Bunching atoms together

November 05, 2014
To reach ever higher time-resolution when investigating chemical reactions is an ongoing challenge for scientists. Especially reactions that cannot be initiated by light are difficult to monitor on a short time scale. A team of researchers working with Alec Wodtke of the Max Planck Institute (MPI) for Biophysical Chemistry and the University of Göttingen have now succeeded in generating ultra-short pulses of atoms. This “bunch-compression photolysis” might help to carry out time-resolved experiments initiated by atomic collisions. (Nature Communications, November 5, 2014)

We learn at an early age that atoms and molecules like to fly apart. If you open the door between two rooms in a house, it never happens that all the air suddenly bunches together in one of the rooms, leaving you with nothing to breathe in the other. This is due to entropy, the tendency of all matter to disorganize. Entropy is always around unless the temperature is cooled down to absolute zero, where atoms no longer move at all. If you want to make really short pulses of atoms and molecules (a billionth of a second long or shorter), you have to overcome the atomic desire to fly apart. Scientists have been doing this for a long time already with light – thanks to lasers. But how can it work with atoms? ”To do this you have to find a way to turn entropy on its head,” explains Alec Wodtke, Director at the MPI for Biophysical Chemistry and Professor at the Institute for Physical Chemistry at the University of Göttingen. “One could say: You have to find a way to make the atoms behave backwards. You have to make them want to bunch together instead of fly apart.”

Wodtke and his team at the Department of Dynamics at Surfaces at the MPI for Biophysical Chemistry have recently discovered how to do just this, as they now report in the journal Nature Communications. Using a technique called “bunch-compression photolysis”, they fired a very short laser light pulse to dissociate a simple diatomic molecule, HI, which consists of a hydrogen and an iodine atom. This HI molecule had been cooled to about five degrees above absolute zero in a molecular beam to first reduce its entropy. In this setting, the frequencies in the light pulse are ordered on a line so that high energy photons (that is, the blue ones) are on the left and low energy photons (the red ones) are on the right. When this specially prepared light pulse dissociates the HI, the hydrogen atoms emerge in a bunch where the fast atoms are on the left and the slow ones are on the right. “They remember the energy of the photon that dissociated them,” says Sven Kaufmann, PhD student with Alec Wodtke.  “This means that – just as in a Grand Prix car race – a situation is produced where the fast atoms must overtake the slow ones.”

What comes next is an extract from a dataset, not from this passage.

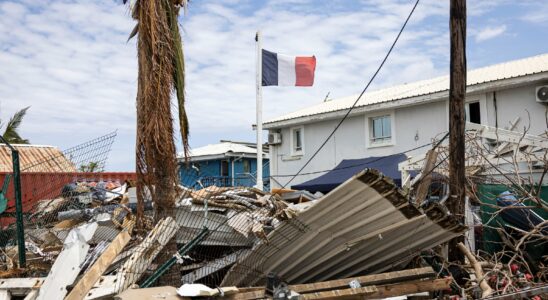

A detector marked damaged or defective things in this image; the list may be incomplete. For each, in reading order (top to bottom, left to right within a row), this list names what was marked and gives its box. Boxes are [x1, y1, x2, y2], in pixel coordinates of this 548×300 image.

broken wood beam [65, 231, 131, 298]
broken wood beam [288, 268, 434, 292]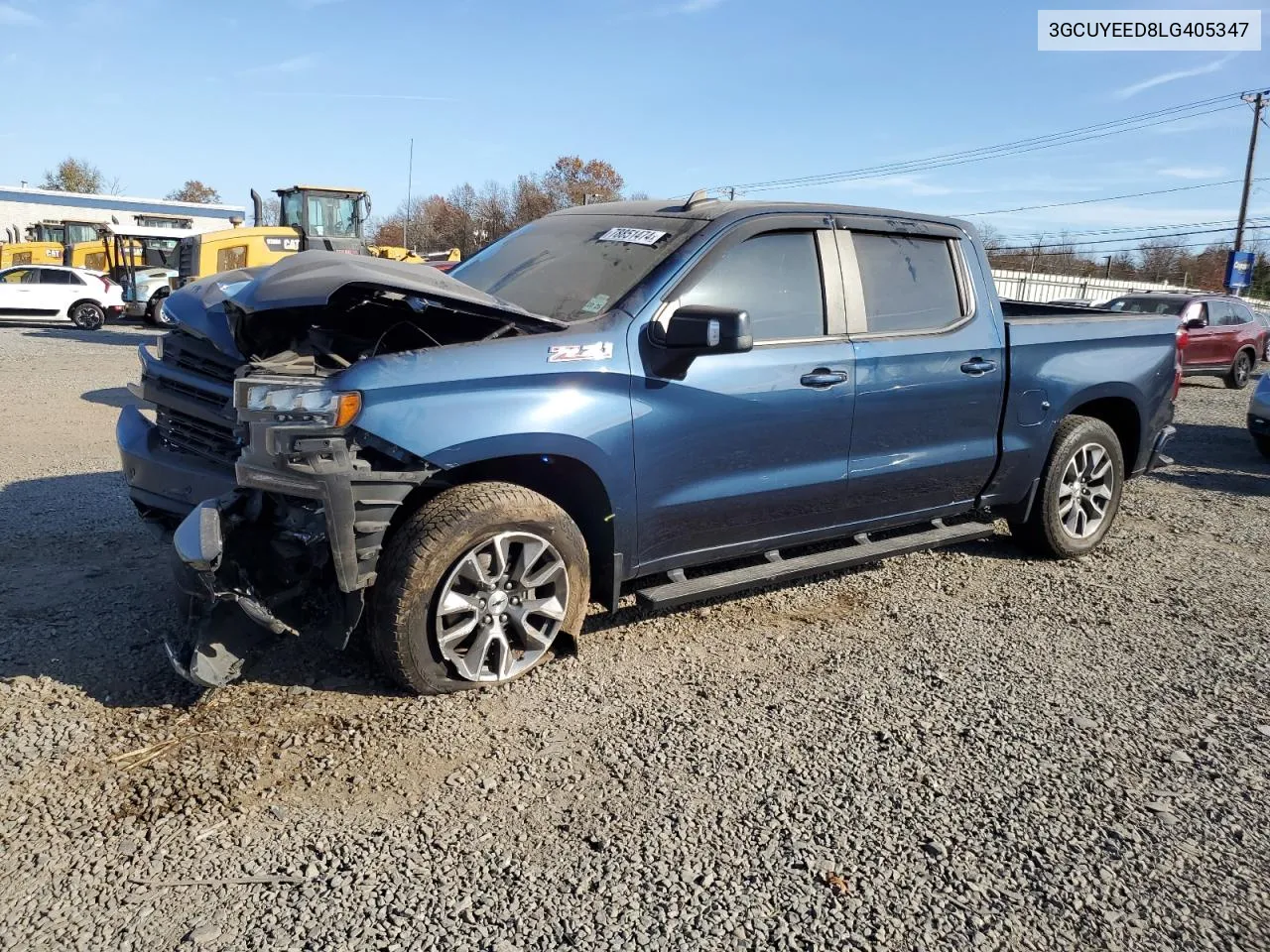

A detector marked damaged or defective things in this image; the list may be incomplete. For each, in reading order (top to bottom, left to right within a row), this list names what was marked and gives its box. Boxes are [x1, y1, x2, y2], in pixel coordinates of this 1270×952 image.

damaged blue truck [119, 199, 1183, 690]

“This leads to a bunching of the hydrogen atoms,” adds Dirk Schwarzer, staff scientist at the MPI for Biophysical Chemistry and one of the researchers who helped demonstrate and understand this new technique. “In fact, this effect produces hydrogen atom pulses that are already 100 times shorter than any previously produced. And according to calculations we can make them even much shorter.” 

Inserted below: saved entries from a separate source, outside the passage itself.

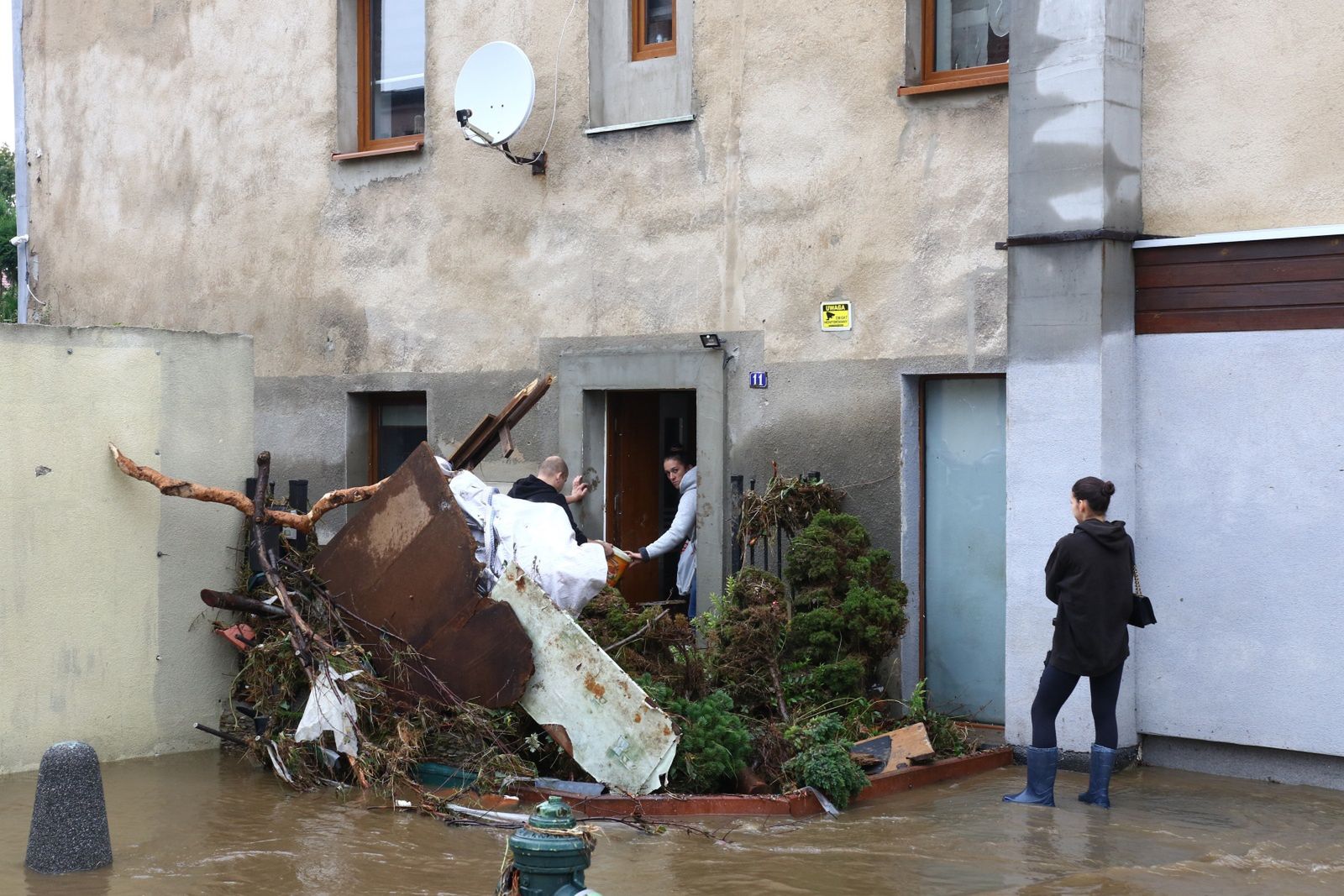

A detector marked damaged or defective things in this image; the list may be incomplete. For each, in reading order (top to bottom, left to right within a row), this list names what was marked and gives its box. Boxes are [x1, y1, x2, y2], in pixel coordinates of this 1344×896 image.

rusty metal sheet [312, 443, 532, 709]
broken wooden board [312, 443, 532, 709]
rusted brown panel [316, 443, 534, 709]
broken wooden board [489, 563, 677, 795]
rusty metal sheet [489, 563, 677, 795]
broken wooden board [849, 725, 935, 773]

“The hope is that we will be able to carry out time-resolved experiments initiated by collisions,” co-worker Oliver Bünermann points out. He is already investigating the collisions of hydrogen atoms with metal surfaces. “Scientists have known for a long time how to study really fast processes that take place in photochemical reactions – being able to use ultra-short laser pulses to start the reaction is the trick here. But most reactions in chemistry do not need light; they take place even ‘in the dark’ and they are initiated by collisions. Bunch-compression photolysis gives us a chance to carry out a new kind of experiment altogether, where reactions are started by collisions of an ultra-short pulse of atoms.” (amw)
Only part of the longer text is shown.